Considering Survey Participation a Stochastic Phenomenon
The previous discussion made the assumption that each person (or household) in a target population either is a respondent or a nonrespondent for all possible surveys. That is, it assumes a fixed property for each sample unit regarding the survey request. They always will be a nonrespondent or they always will be a respondent, in all realizations of the survey design.
An alternative view of nonresponse asserts that every sample unit has a probability of being a respondent and a probability of being a nonrespondent. It takes the perspective that each sample survey is but one realization of a survey design. In this case, the survey design contains all the specifications of the research data collection. The design includes the definition of the sampling frame; the sample design; the questionnaire design; choice of mode; hiring, selection, and training regimen for interviewers; data collection period, protocol for contacting sample units; callback rules; refusal conversion rules; and so on. Conditional on all these fixed properties of the sample survey, sample units can make different decisions regarding their participation.
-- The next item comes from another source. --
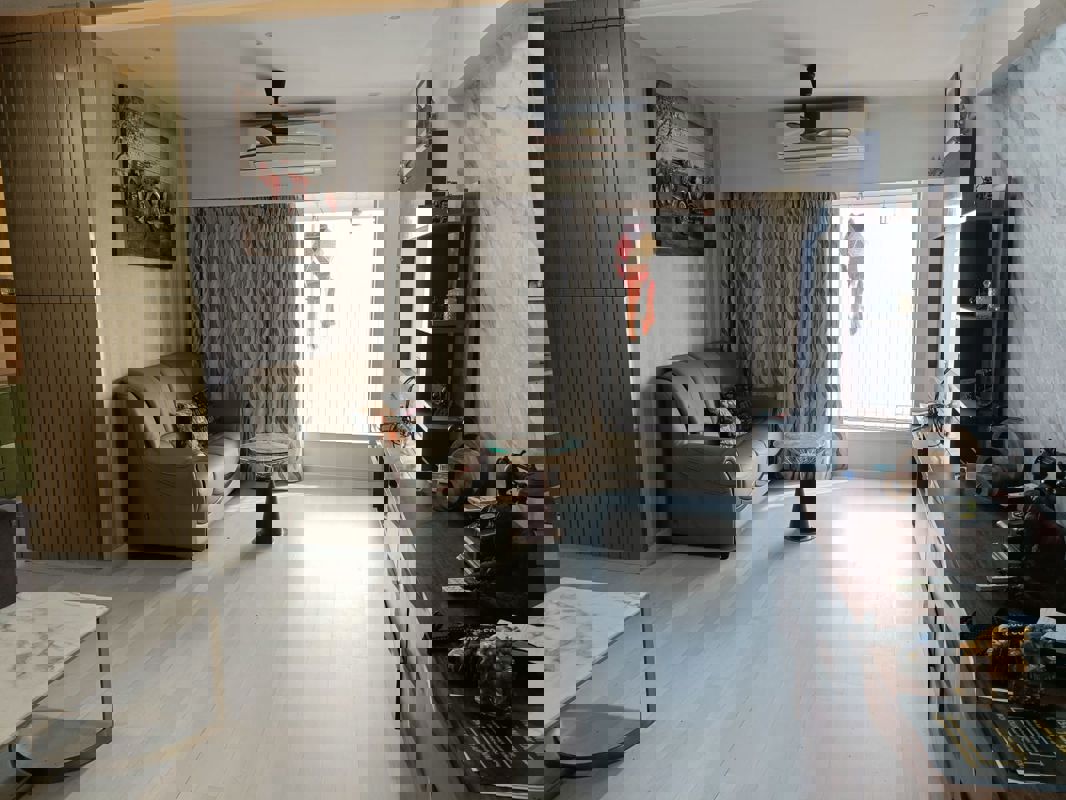 3 BHK 1485 Sq.Ft. Apartment in Romell Diva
In this view, the notion of a nonresponse rate takes on new properties. Instead of the nonresponse rate merely being a manifestation of how many nonrespondents were sampled from the sampling frame, we must acknowledge that in each realization of a survey different individuals will be respondents and nonrespondents. In this perspective the nonresponse rate given earlier (m/n) is the result of a set of Bernoulli trials; each sample unit is subject to a coin flip to determine whether it is a respondent or nonrespondent on a particular trial. The coins of various sample units may be weighted differently; some will have higher probabilities of participation than others. However, all are involved in a stochastic process of determining their participation in a particular sample survey.
The implications of this perspective on the biases of respondent means, respondent totals, respondent differences of means, and respondent regression coefficients are minor. The more important implication is on the variance properties of unadjusted and adjusted estimates based on respondents.